Insgesamt kann Berlin auf eine sehr gelungene Weltmeisterschaft zurückblicken, die auch vom Zuschauerinteresse ein positives Bild abgab. Nahezu 20.000 Besucher an den fünf Tagen stellten die Organisatoren zufrieden und auch der Projektleiter Burckhard Bremer äußerte sich entsprechend: „Wir haben in der Sportmetropole Berlin hochkarätige Wettbewerbe mit acht Weltrekorden erlebt. Wir sind auch mit der Zuschauerresonanz und einer stimmungsvollen Atmosphäre sehr zufrieden, so dass wir von einem würdigen und krönenden Abschluss der Veranstaltungsserie mit Europameisterschaft, Weltcup und Deutscher Meisterschaft sprechen können. Wir schauen zuversichtlich in die Zukunft“, so das Fazit des Projektleiters, der mit seinem Team um Pressesprecher Thomas Juschus ganz hervorragende Arbeit geleistet hat.

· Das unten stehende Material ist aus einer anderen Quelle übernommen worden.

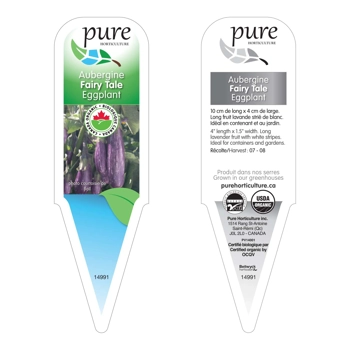AUBERGINE FAIRY TALE BIOLOGIQUE EN POT.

Für Kenner des Bahnradsports gab es nur eine Enttäuschung und für die sorgten die vor der Weltmeisterschaft hochgehandelten Australier. Mit nur einer Silber - und zwei Bronzemedaillen nahmen sie im Medaillenspiegel nur Platz 11 ein, eine für sie völlig ungewohnte Platzierung ohne einen Weltmeistertitel. Das Fehlen von Sprintstar Matthew Glaetzer allein kann es nicht gewesen sein, vielmehr musste das Abschneiden in der Einzel- bzw. Mannschaftsverfolgung enttäuschen, wo die Titelverteidigerin Ashlee Ankudinoff einen indiskutablen 14. Platz belegte und der Vierer der Männer im Finale um Bronze von den Italienern gar eingeholt wurde. Darüber hinaus gab der vielfache Weltmeister Cameron Meyer mit Platz 6 im Omnium und insbesondere mit zwei Verlustrunden und Platz 15 (!) im Madison an der Seite von Sam Welsford ein schwaches Bild ab. Verlaß war nur auf die routinierte Stephanie Morton, die im Teamsprint mit Kaarle McCulloch Silber holte und noch Bronze im Keirin - wie auch die männlichen Teamsprinter - gewann. Es scheint so, dass die Australier in diesem Jahr einzig und allein die Olympischen Spiele im Fokus haben und dort dann wieder zuschlagen wollen. Wenn sie sich da nicht vielleicht verkalkuliert haben!?